__Problem requirements__:
In the listing below, the lines starting with the line with "Crutches壘underarm Walking Clutches" and going on through the line with "НСРС: Усвојена Декларација" are to be reproduced exactly, and only those.

------------------------------------------------------------------------

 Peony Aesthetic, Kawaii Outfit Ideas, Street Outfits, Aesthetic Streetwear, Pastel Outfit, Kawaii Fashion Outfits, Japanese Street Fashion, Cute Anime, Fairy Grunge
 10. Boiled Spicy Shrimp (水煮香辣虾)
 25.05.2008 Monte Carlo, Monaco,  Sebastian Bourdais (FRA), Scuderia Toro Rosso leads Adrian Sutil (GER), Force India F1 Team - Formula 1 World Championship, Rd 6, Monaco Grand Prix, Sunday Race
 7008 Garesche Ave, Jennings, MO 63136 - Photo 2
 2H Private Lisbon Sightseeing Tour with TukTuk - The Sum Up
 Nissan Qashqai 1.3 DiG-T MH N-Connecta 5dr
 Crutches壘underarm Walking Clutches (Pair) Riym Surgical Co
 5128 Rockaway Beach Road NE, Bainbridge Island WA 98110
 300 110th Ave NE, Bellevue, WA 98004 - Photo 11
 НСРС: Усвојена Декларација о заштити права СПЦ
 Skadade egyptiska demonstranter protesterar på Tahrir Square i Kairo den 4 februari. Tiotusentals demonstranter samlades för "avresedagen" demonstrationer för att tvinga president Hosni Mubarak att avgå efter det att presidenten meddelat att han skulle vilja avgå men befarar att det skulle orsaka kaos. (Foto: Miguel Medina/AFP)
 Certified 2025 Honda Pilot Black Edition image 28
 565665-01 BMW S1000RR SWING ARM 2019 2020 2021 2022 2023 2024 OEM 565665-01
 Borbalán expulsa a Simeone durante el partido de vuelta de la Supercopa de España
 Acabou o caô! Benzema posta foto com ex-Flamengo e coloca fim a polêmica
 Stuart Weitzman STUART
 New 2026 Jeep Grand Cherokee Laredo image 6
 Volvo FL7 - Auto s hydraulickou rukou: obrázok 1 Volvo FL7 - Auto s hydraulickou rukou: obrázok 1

------------------------------------------------------------------------

__Finished exercise__:
 Crutches壘underarm Walking Clutches (Pair) Riym Surgical Co
 5128 Rockaway Beach Road NE, Bainbridge Island WA 98110
 300 110th Ave NE, Bellevue, WA 98004 - Photo 11
 НСРС: Усвојена Декларација о заштити права СПЦ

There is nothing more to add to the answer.